Zhang Xu emphasized that the issuance of loans, the purchase of ** bonds and corporate bonds are all ways for the financial sector to support the real economy. "The financial sector buys ** bonds, and the financial system spends the funds raised by bond issuance to the real economic sector, which obviously makes the real economy get funds. He said.
He also pointed out that at the end of the year, the government will issue an additional 1 trillion yuan of treasury bonds, which has formed a strong support for the growth of social finance. The impact of last year's high base is gradually fading, and it is now in a new wave of social finance growth.
In addition, the net financing of trust loans, undiscounted bank acceptance bills and corporate bonds increased year-on-year in November. Among them, trust loans increased by 19.7 billion yuan in November, an increase of 56.2 billion yuan year-on-yearUndiscounted bank acceptance bills increased by 20.3 billion yuan, an increase of 1.2 billion yuan year-on-yearThe net financing of corporate bonds was 133 billion yuan, an increase of 72.6 billion yuan year-on-year.
Credit disbursement will remain stable and orderly.
At the end of November, the balance of broad money (m2) was 2912 trillion yuan, a year-on-year increase of 10%, and the growth rate was 03 and 24 percentage points. Narrow money (m1) balance 6759 trillion yuan, a year-on-year increase of 13%, the growth rate was 0.0 lower than the end of last month and the same period last year, respectively6 and 33 percentage points. The scissors gap between the two has further widened from the previous month, reflecting the low efficiency of capital activation, and the current confidence of enterprises and residents needs to be restored.
Since the beginning of this year, the year-on-year growth rate of M1 has shown a downward trend as a whole, and its performance has been sluggish in the past two months.
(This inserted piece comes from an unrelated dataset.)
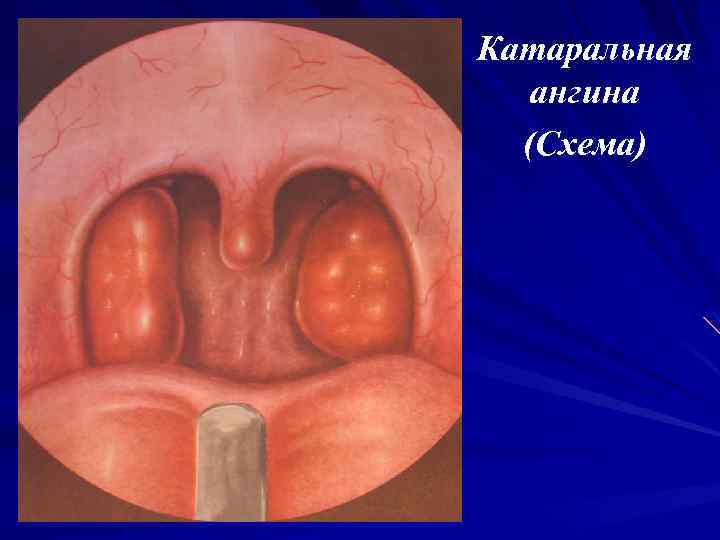 Катаральная ангина (Схема)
Zhang Xu believes that on the one hand, this is due to the fact that enterprises have improved the efficiency of the use of funds and transformed demand deposits into financial products with both liquidity and income or other types of depositsOn the other hand, it also reflects that the foundation for China's sustained economic recovery still needs to be further consolidated.
Looking forward to the future monetary policy, Li Chao, chief economist of Zheshang, believes that the monetary side is expected to maintain a tight balance, considering the balance of payments pressure, it is difficult to cut interest rates, and the probability of a RRR cut within the year is not large, and the RRR cut may be in the first quarter of next year. At present, China's policy focus is switching from monetary policy to industrial policy and fiscal policy, and it is expected that monetary policy will assist industrial and fiscal policies, and credit delivery will remain stable and orderly, avoiding big ups and downs, and the structure will increase and decrease.
Wen Bin believes that under the general tone of "prudent monetary policy should be flexible, moderate, precise and effective" and "moderate total amount and stable rhythm" of credit delivery at the first economic work conference, the growth of money and credit will not only maintain solid support for the real economy, but also emphasize sustainable and stable delivery, so as to better match the needs of macroeconomic development and business entities. Financial institutions will accurately grasp the law and new characteristics of the supply and demand of money and credit, strengthen the dual adjustment of the total amount and structure of money, better smooth the monthly and quarterly fluctuations, and promote the stable growth of China's economy with the stability of credit growth.